Conservação & Ambiente Adicionar comentários

Image: Water Footprint Network

Em analogia a pegada ecológica, surgiu em 2002 a expressão - PEGADA HIDROLÓGICA, pelo holandês Hoekstra, A.Y. (UNESCO-IHE Institute for Water Education P.O. Box 3015, 2601 DA Delft, the Netherlands - www.waterfootprint.org/Reports/Report12.pdf. ). Esta se destina a indicar quanto se compromete do recurso hídrico direta e indiretamente, em determinados processos pessoais, comerciais e industriais. Este último, bem marcado pela recém criada e agora divulgada campanha intitulada CYAN (Segundo a campanha: A palavra “cyan” tem origem etimológica no grego “kyanos”, segundo a enciclopédia Britannica. E foi exatamente a cor azul-esverdeada a solução encontrada na Grécia Antiga para representar a água.) da AMBEV. Tal campanha visa adotar bacias hidrográficas, entre outras ações, com fins de manter e preservar tais mananciais, bem como seu uso responsável e fomentar o reuso da água no ambiente industrial. A campanha CYAN ganhou espaço em meios de comunicação tais como a revista Veja (Abril, 31 de março), Caderno Razão Social (O Globo, 06 de abril, nº92) e sai com a chancela da WWF – Brasil, junto ao Programa Conservação e Gestão da Água Doce e parcerias com ONG´s como Water Footprint Network (WFN) e a USP - São Carlos, através de Eduardo Mario Mendiondo, que coordena o curso de Engenharia Ambiental. Outras ONG/Empresas vêm adotando conceito e se associando a ONG - WFN, tais como a WWF, Coca-Cola, C&A, Fibria Celulose, Ecossistemas-SP.

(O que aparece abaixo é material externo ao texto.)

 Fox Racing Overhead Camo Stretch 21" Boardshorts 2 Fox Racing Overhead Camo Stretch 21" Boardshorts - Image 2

Na linha da Pegada Hidrológica, algumas curiosidades ou pegadas, já são divulgadas e comentadas, tais como: 35 litros para um copo de café; 1.000 litros para 1 litro de leite; 16.000 litros para 1 kg de carne, e para desespero dos cariocas, quase 4 litros por litro de cerveja!!!

Vale também a consulta ao site da ONG – WFN (em inglês) com vistas a fazer uso do utilitário para se simular a sua pegada hidrológica:

http://www.waterfootprint.org/?page=cal/WaterFootprintCalculator

No tocante a responsabilidade sócio-ambiental faz jus tais campanhas e expressões, uma vez que tal recurso não é pra sempre, mas me preocupa se daqui a pouco alguns começarem a propor a ingestão de alimentos liofilizados, com vistas a diminuir o uso de água no processo industrial e se os usuários de tal recurso não renovável terão algum incentivo fiscal para tal, mascarando a responsabilidade sócio-ambiental…

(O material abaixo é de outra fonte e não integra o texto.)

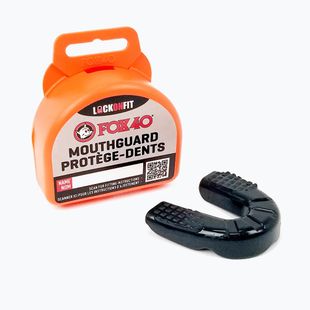 Rival Fox40 Grippguard chránič zubov čierny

“Diante do custo para acesso ao recurso natural, mesmo pequeno se comparado ao faturamento com a conta de água de milhões de habitantes, investir para reduzir consumo e desperdício passou a ser sinônimo de lucratividade”

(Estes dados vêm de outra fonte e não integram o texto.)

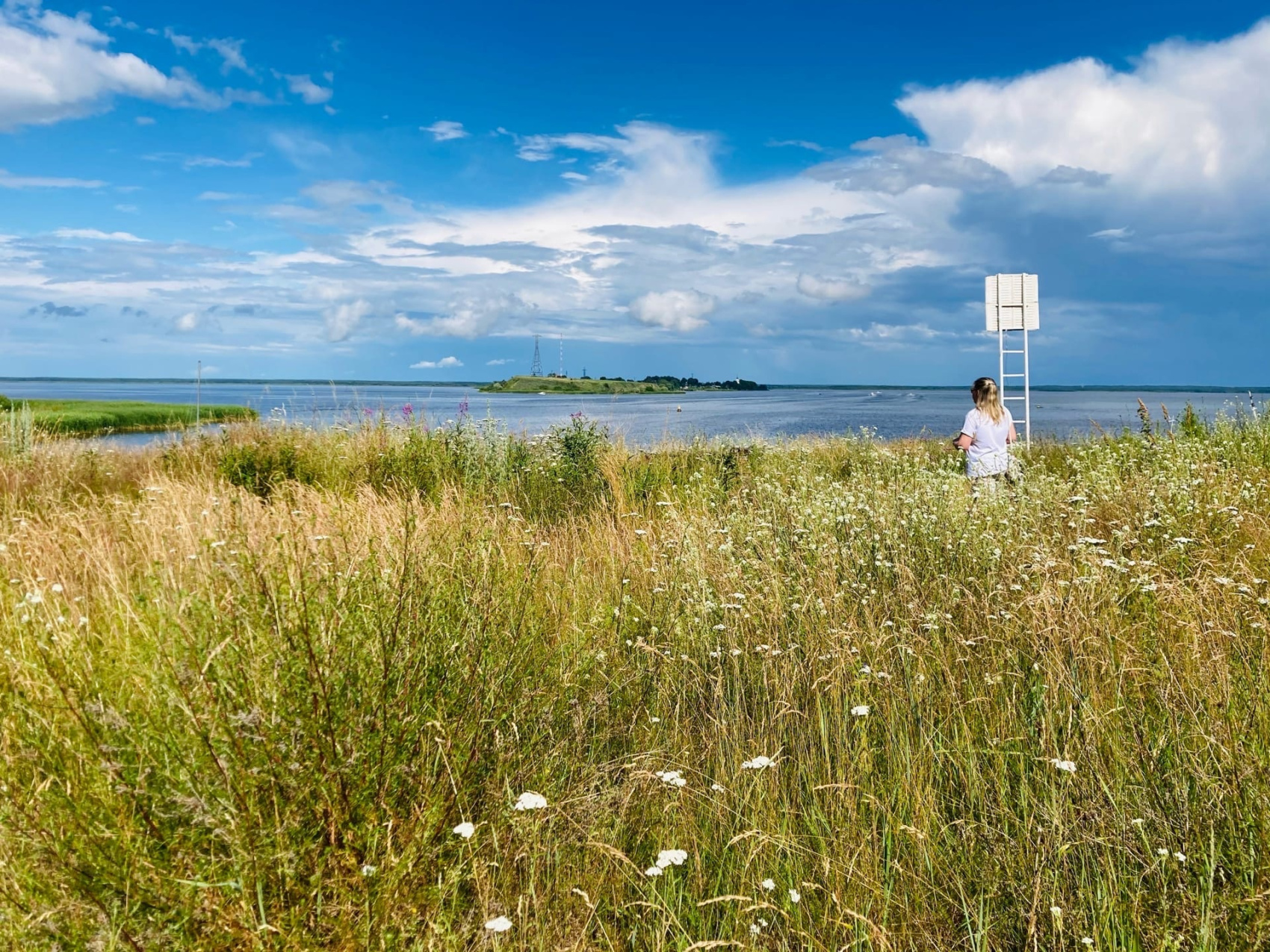 Талабские острова с ночевкой на острове и Чудское озеро Все Включено! (2/32)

Fonte Valor Econômico, citado em http://www.ana.gov.br/produagua/.

Material de Consulta

http://www.waterfootprint.org/?page=files/home

http://www.wwf.org.br/

2008 - Hoekstra, A.Y. and Chapagain, A.K. (2008) Globalization of water: Sharing the planet’s freshwater resources, Blackwell Publishing, Oxford, UK. http://www.waterfootprint.org/?page=files/GlobWat_page

2009 - Hoekstra, A.Y., Chapagain, A.K., Aldaya, M.M. and Mekonnen, M.M. (2009) Water footprint manual: State of the art 2009, Water Footprint Network, Enschede, the Netherlands. http://www.waterfootprint.org/downloads/WaterFootprintManual2009.pdf

Uma resposta para “Em tempos de muita chuva no RJ… Vamos falar sobre “Pegada Hidrológica””

  1. Wellington Matos disse:

    Já discuto a utilização da água nas aulas de fisiologia vegetal e acredito que demais professores também em outras disciplinas. Isso devido à interdisciplinaridade deste tema. Contudo não são novas as áreas de atividade humana que mais consomem água. Os 1.000 litros de água para produção 1 litro de leite e os 16.000 litros para 1 kg de carne confirmam a agricultura-pecuaria com a atividade que mais consome água, juntamente com a indústria. São nestas áreas então que devem se concentrar esforços para aperfeiçoar o uso da água. Isso significa fortalecimento das políticas públicas e formação de pessoal capacitado, nos mais diversos níveis. Um Campo a ser explorado pelos novos biólogos.